Pôncio Pilatos tivera,
durante os dez anos de seu governo, o desafio de enfrentar, em geral de forma
cruel, diferentes revoltas dos judeus. Diante de um personagem que lhe é
apresentado, pelas lideranças judaicas, para que seja julgado e condenado,
Pilatos, ao interrogar Jesus, estava preocupado se ele seria mais um dos
líderes revolucionários que lhe davam dor de cabeça. Esta preocupação de
Pilatos explica a sua pergunta: “És tu o Rei dos Judeus?” (Mt., 27,11). Jesus
responde: “Tu o dizes”. Diante das acusações repetidas, e do silêncio de Jesus,
“… o governador ficou muito impressionado” (Mt., 27, 14). Ele estava, de fato,
convencido de que não estava, diante deles, nenhum dos zelotes ou
revolucionários que tivera de reprimir, pra garantir seu cargo.
O silêncio de Jesus é
testemunhado tanto por Mateus, quanto por Marcos e Lucas. Só João escreverá
que, diante da insistência de Pilatos, Jesus garante: “Meu reino não é deste
mundo. Se meu reino fosse deste mundo, meus súditos teriam combatido para que eu
não fosse entregue aos judeus. Mas meu reino não é daqui” (Jo, 18, 36).

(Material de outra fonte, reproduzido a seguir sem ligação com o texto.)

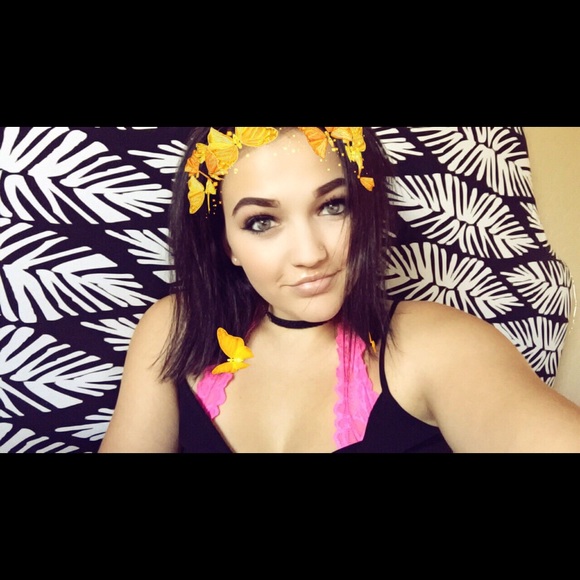 Profile Picture of Alexis Stubert (@alexisstubert) on Poshmark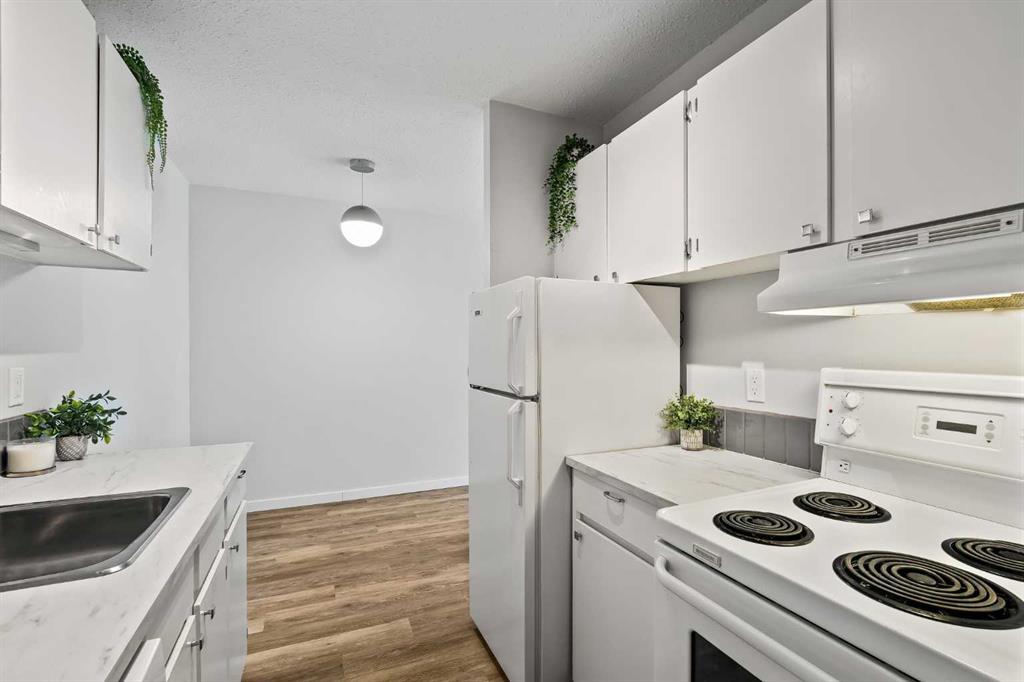 Picture for 204, 310 4 Avenue NE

Assim mesmo Pilatos não estava tranquilo. A multidão gritava: “Se tu não o
condenas não és amigo de César”. Sua preocupação não era se a condenação de
Jesus era justa, mas de se livrar de qualquer ameaça que chegasse aos ouvidos
de César. E por isso, depois de lavar covardemente as mãos, Pilatos o entregou
à fúria cruel da multidão.
A tabuleta que Pilatos
mandou fixar, ironicamente, no alto da cruz: “Jesus o Rei dos Judeus”, provocou
a reclamação geral de que ele tirasse. A mesma multidão que o aclamara, na
entrada de Jerusalém, gritava, diante de Pilatos: “Crucifica-o! Crucifica-o!”.

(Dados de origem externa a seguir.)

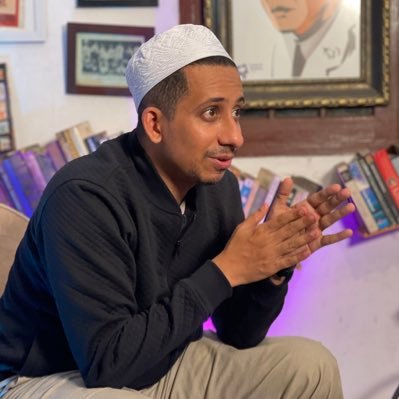 Seorang Murid | Magister Tafsir Qur’an | Ngevlog Keislaman di Youtube “Jeda Nulis”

Durante três anos o haviam seguido, ouvindo com entusiasmo a sua pregação,
achando que iria livrá-los da dominação romana, instaurando, enfim o Reino que
Israel, aguardava havia 2000 anos.
Para os apóstolos, era
o fim. Somente com a vinda do Espírito Santo, na Festa de Pentecostes, eles
entenderam o verdadeiro sentido do seu anúncio, desde o Sermão da Montanha e
através dos três anos de sua pregação. E a multidão que viera de vários países,
para a festa, ouvindo-os falar em suas próprias línguas, entendeu qual o Reino
que Jesus anunciara. E a Igreja do Reino de Deus, do Reino dos Céus se
constitui naquele dia.
De acordo com o artigo
de Itamar Melo no jornal Zero Hora, citado anteriormente: “A Bancada da Bíblia,
avança no Congresso”, e com as citações quase teatrais da posse do Jair
Bolsonaro, denuncia com total clareza que a afirmação de Cristo: “Meu Reino não
é deste mundo”, não vale para as Igrejas evangélicas, pentecostais ou
neopentecostais”, pois a estratégia destas é a luta pelo poder político, de
acordo com a “teologia da prosperidade”, que poderá, com o tempo, transformar o
Brasil, república democrática e laica, num país teocrático e perpassado pelo
sectarismo, como é o Irã nos dia de hoje.